Mellini, membro effettivo della Commissione, viene quindi costretto a parlare giorno e notte per sedute ininterrotte.
A questo punto rimaneva il problema dei possibili "disturbi" che la discussione in aula sulla riforma dell'Inquirente (si doveva discutere in aula perché evidentemente tutte le altre sedi erano occupate dalle altre leggi truffa) poteva provocare alla Commissione. Ancora una volta Ingrao supera il problema con disinvoltura, autorizzando la contemporaneità delle due discussioni. Rimaneva però, anche in questo modo, un'ultima difficoltà: è ovvio, oltre che consolidato dalla prassi di trent'anni, che non è possibile votare due leggi contemporaneamente in aula e in commissione. In questo caso, infatti, il deputato si troverebbe privato di un solo diritto-dovere fondamentale, quello di partecipare non solamente al processo formativo di una decisione, ma anche al momento del voto su una legge. In questo caso, dunque, sarebbe costretto a scegliere tra il voto in aula e quello in commissione.

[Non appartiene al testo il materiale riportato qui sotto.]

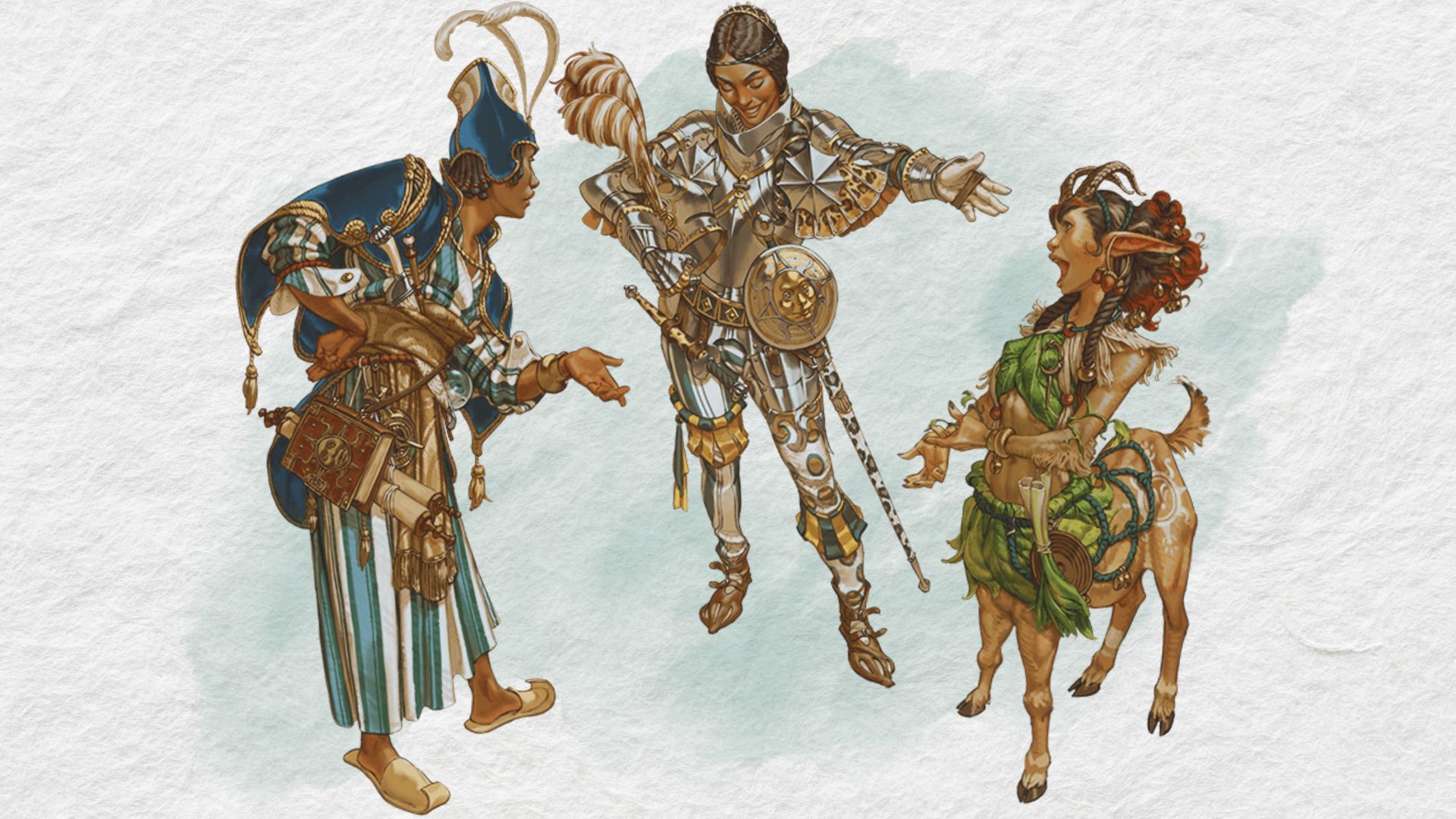Dungeons & Dragons - Three glitch characters converse with each other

Incredibile ma vero, ancora una volta Ingrao ritiene che non ci sia niente di male se le votazioni in aula e in commissione avvengono contemporaneamente: decide dunque di non sospendere i lavori della commissione giustizia, neanche nel caso di votazioni in aula. Non servono a farlo ritornare sulle sue decisioni le proteste dei deputati radicali, l'esibizione di circolari presidenziali degli anni precedenti in cui si dichiarava la nullità dei lavori di commissioni in sede legislativa convocate contemporaneamente ai lavori legislativi d'aula, la denuncia della condizione a cui viene costretto non tanto il deputato d'opposizione, ma il deputato di maggioranza che deve votare come una pecora provvedimenti diversi senza neppure conoscere l'oggetto della votazione e aver ascoltato i pareri diversi dei suoi colleghi, costretto ad obbedire solamente alle indicazioni del capogruppo.
Tutto ciò avviene mentre Moro è nelle mani delle Brigate Rosse: ancora, il Parlamento viene espropriato dei suoi diritti e doveri di indirizzo e di controllo dell'esecutivo. Alle richieste quotidiane dei deputati radicali di aprire alla Camera il dibattito necessario per esplorare tutte le strade che potessero impedire l'assassinio del Presidente della Democrazia Cristiana, la maggioranza opponeva la forza del numero, la violenza anticostituzionale, l'esproprio del Parlamento. E naturalmente Ingrao, cultore della centralità del Parlamento, rimaneva impassibile.
Da quanto è accaduto e sta accadendo oggi in Parlamento è chiaro che la richiesta di attuazione della Costituzione e dei regolamenti, la difesa dello Stato di diritto, sono oggi momenti di lotta rivoluzionaria contro chi, per affermare la propria logica illiberale e anticostituzionale, continua a far strage di leggi, costituzione, regolamenti, a cui, come è tragicamente dimostrato dagli ultimi avvenimenti, segue sempre la strage di vite umane, l'indifferenza e la sfiducia dei cittadini nell'agibilità democratica degli strumenti istituzionali.
Il fatto che cinque deputati siano riusciti a costringere la maggioranza a chiedere, per la prima volta in assoluto dopo trent'anni, un voto di fiducia sul decreto antiterrorismo per stroncare la loro opposizione, costituisce certamente una grossa e inaspettata vittoria.
Ma questo non è evidentemente sufficiente: solo la partecipazione dei cittadini può consentire anche a minime opposizioni parlamentari di esprimere con forza la volontà di maggioranze esistenti nel paese che, oggi, non trovano certamente rappresentanza e sbocco politico diretto nei partiti storici della sinistra.